The Effects of Thematic-Fantasy Play Training on the Development of Children's Story Comprehension
Pellegrini, A. and Galda, L. (1982). The Effects of Thematic-Fantasy Play Training on the Development of Children's Story Comprehension. American Educational Research Journal, Fall 1982, 19(3): 443-452.1
This study outlines a brief intervention in which kindergarten and first grade students heard a story and participated in one of three story-related activities—drawing a picture, discussing the story with an adult, or acting out the story with three peers and an adult. Students then took a criterion-referenced test and a test of recall. The results indicated that higher comprehension occurs when students can reconstruct a story through thematic-fantasy play rather than through either drawing or discussion.
- Participation in thematic-fantasy play led to higher comprehension scores for kindergarten and first grade students than participating in drawing or discussion.
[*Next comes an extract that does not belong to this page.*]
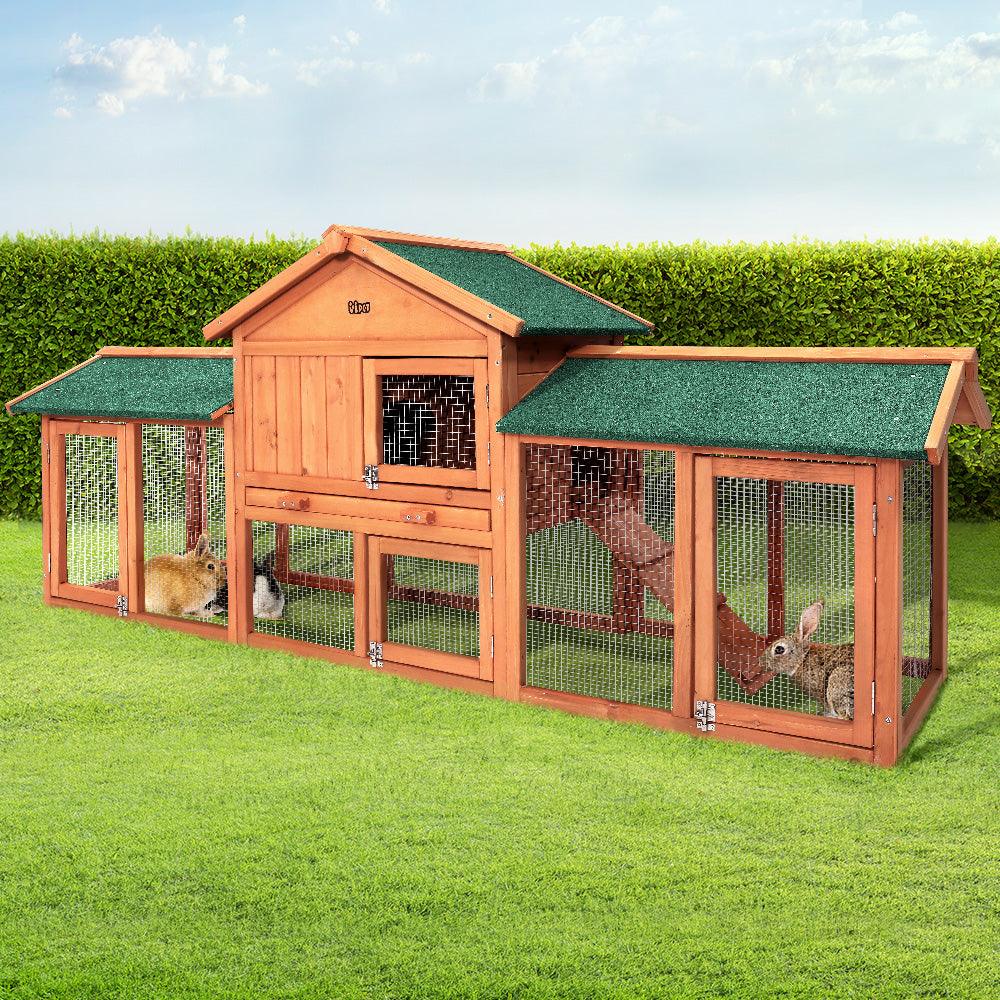 Buy i.Pet Chicken Coop Rabbit Hutch 220cm x 44cm x 84cm Large Run Wooden Outdoor Bunny Cage House discounted | Products On Sale Australia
- Thematic-fantasy play students recalled more events and the sequence of events better than other students.
- Thematic-fantasy play students were better able to answer judgment questions about the story and its characters than other students.
- A positive relationship connected the centrality of the role that a student in thematic-fantasy play took on and that student’s story recall. Students that played more major roles had better story recall.
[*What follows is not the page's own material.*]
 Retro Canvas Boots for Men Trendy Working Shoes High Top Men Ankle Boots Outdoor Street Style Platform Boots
Significance of the Findings:This study examines how young students process information from stories. It demonstrates that acting out a story seems to best help students process information and comprehend the story.
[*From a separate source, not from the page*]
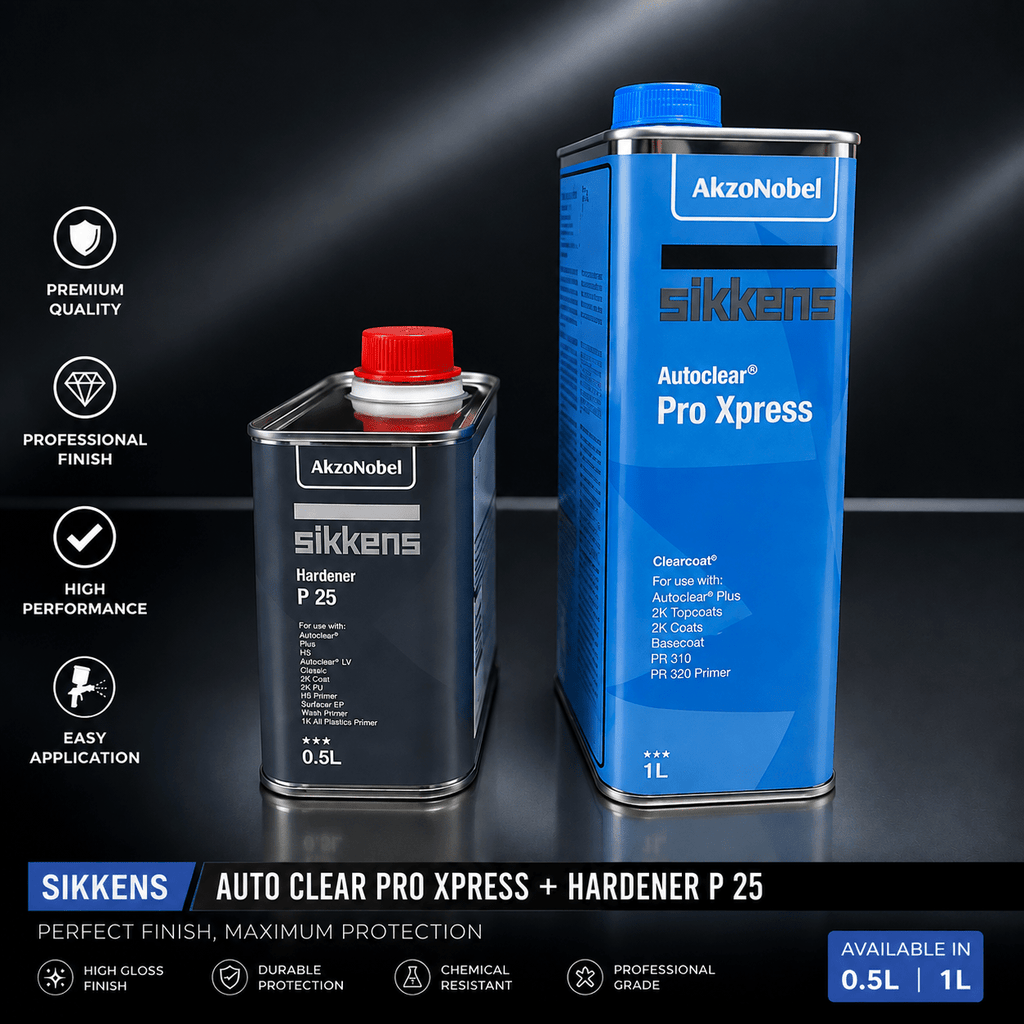 Sikkens Auto Clear Pro Xpress automotive clear coat with Hardener P25 for fast drying, chemical resistance.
Methodology:The study involved 108 children from Kindergarten through second grades, evenly split by gender and grade level. Researchers read three different storybooks to the students. Students participated in either thematic-fantasy play to re-enact the story, adult-led discussion of the story, or drawing scenes from the story after the readings, depending on assignment. The first two storybook readings were used as training sessions, and the third was used as a formal test of story comprehension and understanding measured through a criterion-referenced test and scaled story-telling task.
Limitations of the Research:There were some unclear areas in the authors’ approach that limit the findings presented. First, it was not clear if the stories read were completely new to all of the students. Second, it was not clear how students were assigned to the different conditions. Finally, it was not discussed how student reading ability might interact with the conditions nor how student’s understanding of the stories might have affected the roles they took in the story dramatization.
Questions to Guide New Research:Does acting out a central character during thematic-fantasy play consistently lead to better story recall, especially for struggling students? How does a student’s reading ability impact the effect of thematic-fantasy play on story comprehension and understanding?
1The text of this summary is adapted from the Arts Education Partnership’s 2002 research compendium: Deasy, R. J. (Ed.). (2002). Critical links: Learning in the arts and student academic and social development. Washington, DC: Arts Education Partnership.